I spend my days around guys who act like nothing can touch them, like they’re the baddest motherfuckers who have ever been born.
But really, if you want tough, a woman like Lexi beats any tough guy hands down. Women don’t front or talk a big game or make believe like they are tough. They get on with what needs to be done, without complaining or crumbling at times when some of the biggest, most vicious guys I know would go to pieces.

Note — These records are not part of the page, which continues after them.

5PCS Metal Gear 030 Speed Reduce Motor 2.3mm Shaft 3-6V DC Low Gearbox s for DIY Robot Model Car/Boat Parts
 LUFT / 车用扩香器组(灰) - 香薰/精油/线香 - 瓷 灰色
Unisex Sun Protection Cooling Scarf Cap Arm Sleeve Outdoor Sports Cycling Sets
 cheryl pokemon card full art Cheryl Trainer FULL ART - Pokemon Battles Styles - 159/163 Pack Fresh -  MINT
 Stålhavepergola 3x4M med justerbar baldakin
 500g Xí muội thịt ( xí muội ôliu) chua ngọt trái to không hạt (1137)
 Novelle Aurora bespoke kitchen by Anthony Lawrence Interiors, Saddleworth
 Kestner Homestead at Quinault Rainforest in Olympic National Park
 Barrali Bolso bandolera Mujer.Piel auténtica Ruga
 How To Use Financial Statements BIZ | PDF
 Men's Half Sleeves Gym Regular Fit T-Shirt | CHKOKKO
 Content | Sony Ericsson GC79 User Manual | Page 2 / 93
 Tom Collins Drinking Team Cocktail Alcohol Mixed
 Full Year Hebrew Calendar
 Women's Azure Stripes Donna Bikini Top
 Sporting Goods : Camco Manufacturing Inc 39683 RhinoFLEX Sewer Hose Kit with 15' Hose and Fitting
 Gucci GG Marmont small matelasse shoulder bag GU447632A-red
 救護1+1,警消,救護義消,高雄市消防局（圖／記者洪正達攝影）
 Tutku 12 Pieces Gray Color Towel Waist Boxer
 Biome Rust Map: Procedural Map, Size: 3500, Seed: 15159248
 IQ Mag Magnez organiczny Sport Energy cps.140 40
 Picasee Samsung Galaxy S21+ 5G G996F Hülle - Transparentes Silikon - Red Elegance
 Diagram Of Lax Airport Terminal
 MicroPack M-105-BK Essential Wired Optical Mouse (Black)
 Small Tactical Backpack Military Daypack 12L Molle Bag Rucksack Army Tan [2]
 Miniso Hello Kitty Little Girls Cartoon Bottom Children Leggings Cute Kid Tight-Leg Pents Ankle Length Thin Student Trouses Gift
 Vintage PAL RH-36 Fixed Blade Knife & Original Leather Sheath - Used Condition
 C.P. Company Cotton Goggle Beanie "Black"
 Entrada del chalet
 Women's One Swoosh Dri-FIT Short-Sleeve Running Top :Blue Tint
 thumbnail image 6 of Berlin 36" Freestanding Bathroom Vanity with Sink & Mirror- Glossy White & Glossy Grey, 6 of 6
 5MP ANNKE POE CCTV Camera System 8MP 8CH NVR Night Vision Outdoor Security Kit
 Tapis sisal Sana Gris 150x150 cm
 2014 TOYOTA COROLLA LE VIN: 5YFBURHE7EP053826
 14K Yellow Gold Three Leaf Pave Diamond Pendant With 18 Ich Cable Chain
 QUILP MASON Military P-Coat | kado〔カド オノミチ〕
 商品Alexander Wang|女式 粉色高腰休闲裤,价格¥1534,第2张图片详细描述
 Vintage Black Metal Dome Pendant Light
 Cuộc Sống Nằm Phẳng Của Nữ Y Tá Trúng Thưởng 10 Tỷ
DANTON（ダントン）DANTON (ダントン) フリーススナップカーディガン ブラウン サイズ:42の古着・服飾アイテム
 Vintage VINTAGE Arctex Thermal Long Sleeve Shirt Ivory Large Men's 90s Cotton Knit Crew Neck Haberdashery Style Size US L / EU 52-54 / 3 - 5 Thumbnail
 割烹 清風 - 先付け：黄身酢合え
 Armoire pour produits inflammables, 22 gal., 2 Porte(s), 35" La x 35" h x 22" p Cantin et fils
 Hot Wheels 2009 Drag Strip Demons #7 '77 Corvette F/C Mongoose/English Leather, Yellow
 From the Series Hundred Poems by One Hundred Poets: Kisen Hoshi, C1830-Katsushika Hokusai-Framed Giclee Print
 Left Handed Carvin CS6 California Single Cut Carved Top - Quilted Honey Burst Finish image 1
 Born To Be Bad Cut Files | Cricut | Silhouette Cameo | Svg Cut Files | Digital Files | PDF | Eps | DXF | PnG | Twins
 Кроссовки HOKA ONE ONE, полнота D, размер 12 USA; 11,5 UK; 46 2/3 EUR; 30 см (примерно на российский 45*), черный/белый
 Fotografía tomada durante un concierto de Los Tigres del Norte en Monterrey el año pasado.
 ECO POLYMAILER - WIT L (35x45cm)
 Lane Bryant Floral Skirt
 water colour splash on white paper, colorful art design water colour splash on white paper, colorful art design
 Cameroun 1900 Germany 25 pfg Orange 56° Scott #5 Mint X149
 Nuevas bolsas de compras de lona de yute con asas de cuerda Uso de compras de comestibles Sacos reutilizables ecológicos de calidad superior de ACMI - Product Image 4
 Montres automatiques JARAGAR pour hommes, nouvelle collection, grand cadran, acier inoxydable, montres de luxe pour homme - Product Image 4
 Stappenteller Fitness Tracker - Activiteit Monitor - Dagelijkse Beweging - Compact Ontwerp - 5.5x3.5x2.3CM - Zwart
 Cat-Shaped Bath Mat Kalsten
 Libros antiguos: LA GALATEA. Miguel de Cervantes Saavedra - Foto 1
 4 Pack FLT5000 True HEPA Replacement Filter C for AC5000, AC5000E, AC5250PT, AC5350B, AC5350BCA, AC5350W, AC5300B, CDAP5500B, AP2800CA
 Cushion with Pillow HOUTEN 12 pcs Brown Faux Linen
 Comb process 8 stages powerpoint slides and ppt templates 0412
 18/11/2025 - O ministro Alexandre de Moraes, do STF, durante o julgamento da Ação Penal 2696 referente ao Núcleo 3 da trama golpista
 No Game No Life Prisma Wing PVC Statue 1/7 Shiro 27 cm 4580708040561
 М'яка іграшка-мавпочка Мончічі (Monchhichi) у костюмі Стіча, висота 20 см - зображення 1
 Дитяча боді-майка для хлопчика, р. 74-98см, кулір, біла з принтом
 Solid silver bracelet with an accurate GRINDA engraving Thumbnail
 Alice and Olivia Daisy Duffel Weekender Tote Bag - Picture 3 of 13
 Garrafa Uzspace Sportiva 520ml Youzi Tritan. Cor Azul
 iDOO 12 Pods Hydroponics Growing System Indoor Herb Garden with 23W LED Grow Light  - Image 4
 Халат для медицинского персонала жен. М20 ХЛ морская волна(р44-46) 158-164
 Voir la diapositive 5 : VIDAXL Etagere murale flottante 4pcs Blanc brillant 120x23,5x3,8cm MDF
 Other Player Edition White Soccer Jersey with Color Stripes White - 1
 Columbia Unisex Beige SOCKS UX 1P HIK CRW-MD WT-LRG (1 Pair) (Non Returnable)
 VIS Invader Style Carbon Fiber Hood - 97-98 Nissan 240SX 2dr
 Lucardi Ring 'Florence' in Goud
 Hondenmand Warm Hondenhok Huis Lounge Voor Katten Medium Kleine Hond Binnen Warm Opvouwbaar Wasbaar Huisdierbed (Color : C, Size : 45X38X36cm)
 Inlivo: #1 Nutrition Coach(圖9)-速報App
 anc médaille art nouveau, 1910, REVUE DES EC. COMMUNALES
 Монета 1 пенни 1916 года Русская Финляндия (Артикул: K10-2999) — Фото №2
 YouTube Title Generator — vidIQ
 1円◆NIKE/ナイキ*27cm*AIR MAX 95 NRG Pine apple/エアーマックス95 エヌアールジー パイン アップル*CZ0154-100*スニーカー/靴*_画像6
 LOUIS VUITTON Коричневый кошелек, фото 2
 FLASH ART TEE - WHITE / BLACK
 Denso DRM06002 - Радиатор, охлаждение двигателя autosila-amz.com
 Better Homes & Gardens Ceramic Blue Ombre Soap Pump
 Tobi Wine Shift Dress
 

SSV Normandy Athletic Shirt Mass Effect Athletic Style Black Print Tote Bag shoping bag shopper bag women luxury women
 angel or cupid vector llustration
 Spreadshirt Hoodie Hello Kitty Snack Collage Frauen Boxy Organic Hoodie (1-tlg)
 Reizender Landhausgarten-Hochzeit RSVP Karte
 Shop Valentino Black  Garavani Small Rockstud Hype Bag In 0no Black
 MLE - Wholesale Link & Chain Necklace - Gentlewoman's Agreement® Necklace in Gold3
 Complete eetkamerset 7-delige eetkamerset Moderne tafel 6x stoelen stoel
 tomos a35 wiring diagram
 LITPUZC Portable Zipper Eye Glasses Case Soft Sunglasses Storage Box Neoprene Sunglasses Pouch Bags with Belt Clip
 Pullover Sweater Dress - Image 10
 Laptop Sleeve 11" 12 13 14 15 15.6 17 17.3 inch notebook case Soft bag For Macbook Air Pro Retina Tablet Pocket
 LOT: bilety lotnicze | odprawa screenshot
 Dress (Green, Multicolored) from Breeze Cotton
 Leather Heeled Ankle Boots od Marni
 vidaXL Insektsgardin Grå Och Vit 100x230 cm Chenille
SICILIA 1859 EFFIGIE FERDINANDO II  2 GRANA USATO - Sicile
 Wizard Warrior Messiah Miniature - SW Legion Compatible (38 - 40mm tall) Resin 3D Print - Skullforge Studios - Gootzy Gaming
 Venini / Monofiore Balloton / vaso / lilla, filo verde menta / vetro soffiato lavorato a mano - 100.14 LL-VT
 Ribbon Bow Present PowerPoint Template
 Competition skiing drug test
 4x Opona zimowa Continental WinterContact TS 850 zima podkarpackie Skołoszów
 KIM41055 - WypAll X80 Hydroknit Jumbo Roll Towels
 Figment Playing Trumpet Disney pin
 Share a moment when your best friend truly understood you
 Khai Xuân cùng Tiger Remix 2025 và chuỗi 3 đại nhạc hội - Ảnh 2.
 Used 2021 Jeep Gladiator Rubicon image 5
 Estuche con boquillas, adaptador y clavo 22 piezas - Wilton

I’d seen how Lexi handled herself at work. She didn’t take any shit but she tempered her attitude with kindness, too. I’d watched her smile at some of the broken, old men who propped up her bar, old timers who had no one in the world who cared about them. She didn’t know I was watching her, that first night in the bar, but I had been. I’d seen how she got things done while still having a joke or a good word for anyone who needed it.
And then, I’d shown up and punched Mike. I was waiting for Lexi to freak out after that. I was expecting it. She had figured out what I did for a living—that I was a hitman and enforcer for the mafia. Most other people would be scared, intimidated. I doubt too many of them would have invited me home.
But Lexi had just wordlessly walked me to her apartment to clean me up. A little bit of it was shock, I figured—but a lot of it had to do with how she handled life. Practicality and kindness. I was fast coming to realize that those two things—not her tough exterior, impressive though it was—were what really shone about Lexi.
I wondered if she knew that she was the most amazing woman those guys in the bar had ever met. I’d known her less than forty-eight hours and I could see it, but somehow she didn’t even seem to realize how special she was.